A number of Deputies raised the issue of commercial bus services at the committee meetings. It is proposed to ensure that no commercial bus operator should be allowed to provide a service that does not meet the same standard the Department imposes on Bus Éireann and Dublin Bus. This is not currently the case, and that can be addressed quite quickly.

I like recommendation No. 15 which proposes to establishment of key performance indicators in order that when State companies or commercial operators providing a State service fail in their duty of care, there are consequences in the form of financial penalties, which can then be passed on to the people the companies have let down in the form of compensation.
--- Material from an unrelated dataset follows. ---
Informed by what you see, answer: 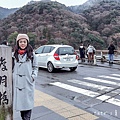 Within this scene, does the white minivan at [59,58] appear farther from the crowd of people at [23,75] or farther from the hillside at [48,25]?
the hillside at [48,25]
Two other issues not in the report need to be highlighted. One is a major failing of this Government and the previous Government. I refer to the motorised transport grant, which was suspended almost six years ago. It is closed to new entrants but is critically important, particularly to people who live in areas where no public transport is available. No matter when this matter is raised, whether on the Order of Business or during Priority Questions or Other Questions, it seems to be "imminent". That imminency has lasted the best part of five or six years. It cannot go on any longer. While this is not the Minister's responsibility, as Minister for Transport, Tourism and Sport he needs to get in touch with the relevant Minister and ensure that this new scheme is opened up to new applicants without further delay.

Another area where the Government is failing very badly is the Disabled Drivers and Disabled Passengers (Tax Concessions) Regulations 1994. I do not know whether other Members have experience of this, but certainly in the past two years the conditions and eligibility criteria that have been set down have become extremely strict. I know a young man who is only kept out of a wheelchair by his own will, and he has been refused on two separate occasions in this regard. The scheme is not fit for purpose. It needs to be reviewed, and I ask the Minister to use his good offices to ensure that this is done.

As the Chairman of the committee and the Minister said, there is a six-month review. The Minister will be invited before the committee at the end of April to give an update on every one of the 16 recommendations. I will be there, as will other members, because there has very much been cross-party collaboration on this. We want to see improvements, and the Minister is the person in the position to deliver on these improvements. I hope he will honour his commitment and I look forward to welcoming him before the committee at the end of April to review all the recommendations that have been put before him.